La guerre déclenchée par Netanyahu, bien que clairement inscrite dans cette dynamique, a eu une très courte portée. Comme le dit un critique sioniste, Netanyahu a déclenché une « guerre sans plan ». C’est-à-dire, au contraire de Clausewitz, Netanyahu a lancé une guerre «sans politique». Sa logique implicite c’est celle que le caractère d’Israël en tant quEtat raciste lui marque, celle de traiter d’avancer qualitativement dans le « nettoyage ethnique ». Mais cela s’est écrasé contre la résistance palestinienne, d’une part et, d’autre part, sans doute, avec la « perte de légitimité » internationale d’Israël.
Elle est correcte, donc, la préoccupation de l’ancien député sioniste que TheEconomist cite : « La perte de légitimité est devenue une menace stratégique ». Le gouvernement israélien a pensé, évidemment, que les défaites graves, les distorsions et les revers du « Printemps Arabe » lui donnaient carte blanche pour faire ce qu’il voulait.
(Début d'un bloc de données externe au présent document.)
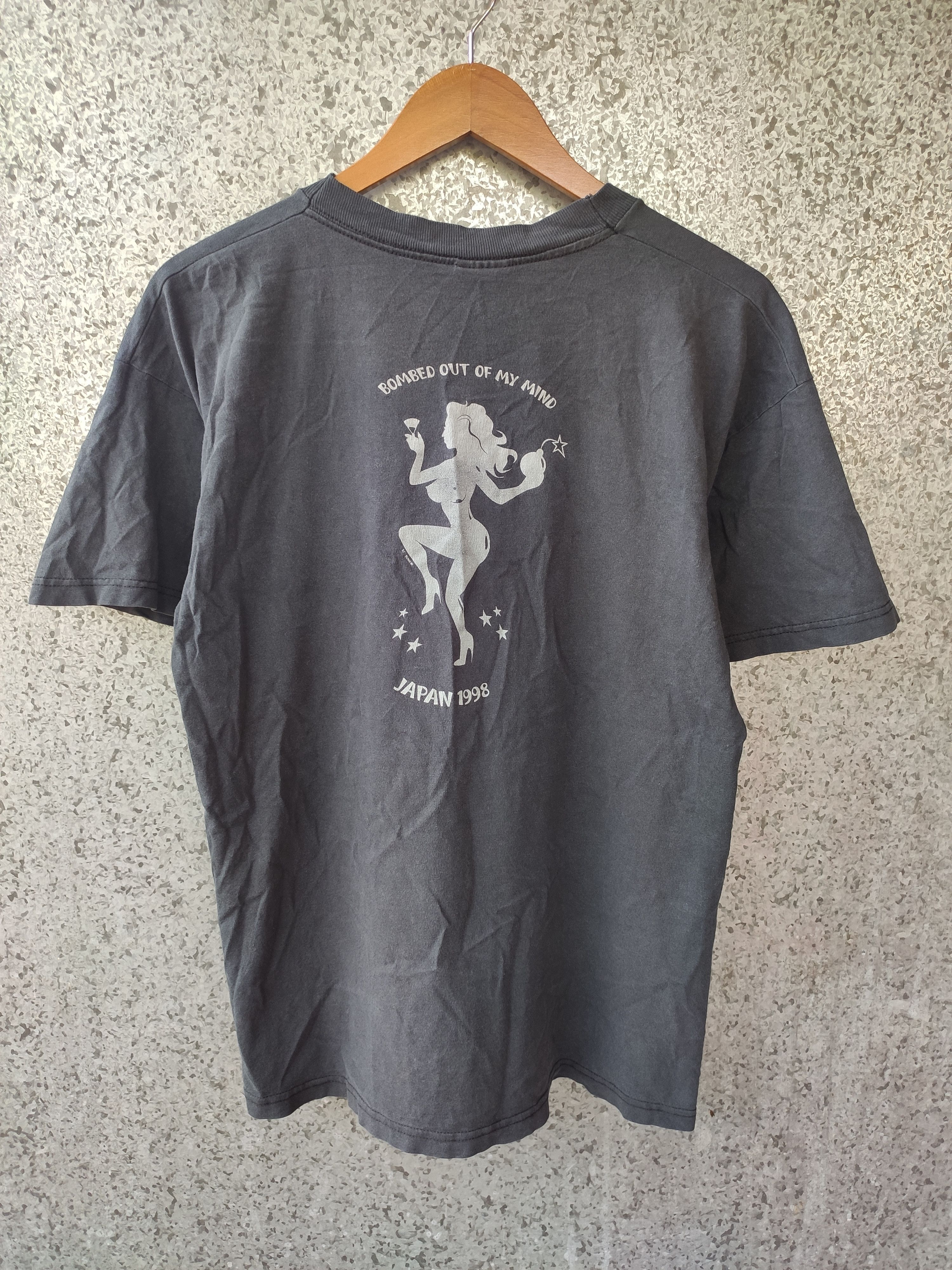 Band Tees 🔥 Vintage Backyard Babies t shirt Japan tour 1998 Size US M / EU 48-50 / 2 - 2 Thumbnail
Mais Israël sort encore pire de cette « guerre sans plan », avec sa légitimité internationale encore plus détériorée. C’est pourquoi en Israël, un secteur – malheureusement large – se sent vaincu.
Enfin, cela conduit à une conclusion centrale: la continuité de l’héroïque résistance palestinienne est un facteur essentiel. Mais, pour obtenir la défaite stratégique d’Israël, la lutte internationale est tout aussi essentielle, dans le Moyen-Orient et le reste du monde, en particulier dans les pays impérialistes qui soutiennent Israel. Il sera essentiel de priver Israël de toute légitimité en tant qu’Etat raciste et d’apartheid!